Bazen en gerçek hâlimizi, sadece kim olduğumuz unutulduğunda gösterebiliriz. Çünkü isimlerimiz, yüzlerimiz ve geçmişlerimiz, ağırlık gibi omuzlarımızda taşınır. Bazen yüzümüze bir maske geçiririz ki kimse bizi yargılamasın. Çünkü biliriz ki eğer kim olduğumuz bilinirse, ne söylediklerimiz ne de yaptıklarımız değerli olmaz.
Bazen sadece değer görmek; sevildiğini, önemsendiğini hissetmek için kendinden uzaklaşır insan. Kendisi olunca bunların olmayacağını hissederek anlar. Evet, kimi zaman haklıdır ama bazen en çok değeri kendi olmayı bilenler alır; bütün emekleri boşa çıkarırlar. İsimler, tanıdık yüzler, taşıdığımız geçmiş; bazen üzerimizde fazladan bir yük gibi durur. Bizi biz yapan şeyler — arkadaşlar, aileler — bir noktadan sonra beklentilere dönüşebilir. Ama bir anlığına bunların hepsi silinirse geriye sadece olduğumuz kişi kalır. İnsan işte o zaman özgür hisseder. Aslında özgürlük, başkasının gözünde değil de kendi gözümüzde nasıl olduğumuzla ilgilidir. Çünkü biz; biz olduğumuzda güzeliz, değerliyiz, gerçeğiz.
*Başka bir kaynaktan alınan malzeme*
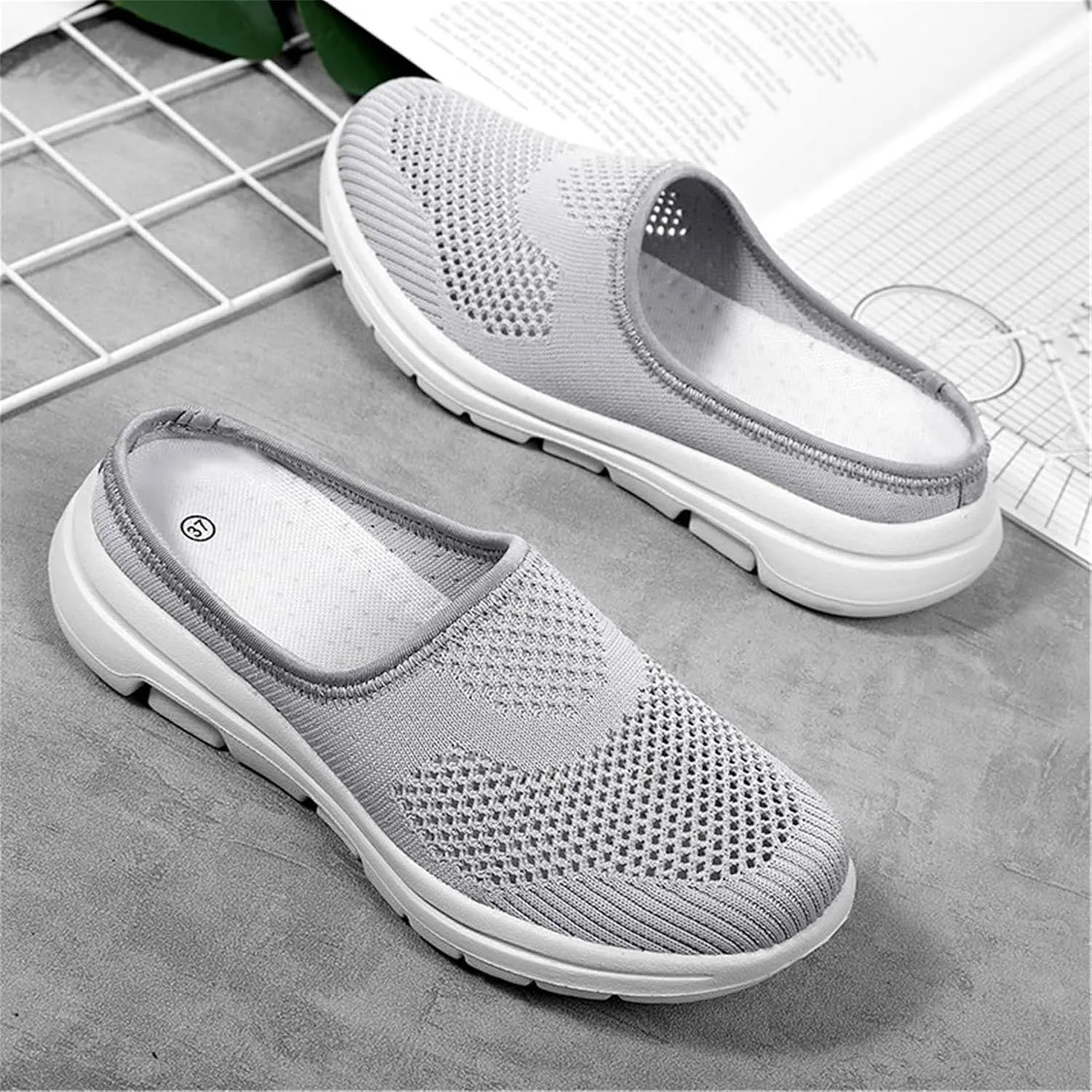 BIFINI Womens Backless Sneakers Mesh Slip-on Mule Shoes Breathable Slippers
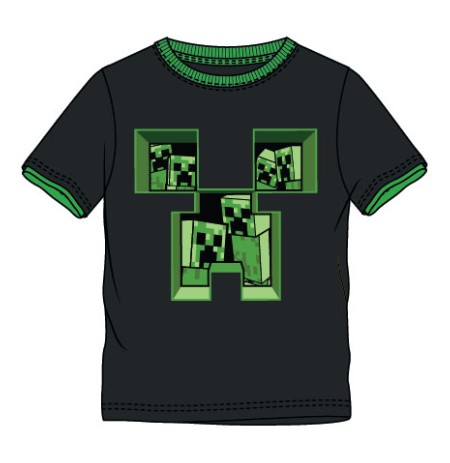 Minecraft Creepy Creeper Black T-Shirt | 8 Year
Hayat; insanların beklentilerini karşılamaya çalışarak, ona göre konuşup cevap vermeyerek, ses çıkarmayarak geçmiyor. Kendiniz olamadığınız hiçbir yerde mutlu olmadığınızı fark edeceksiniz bir süreden sonra; hiçbir şeyin eskisi gibi olmadığını. Çünkü artık bir önemi kalmayacak sizin için.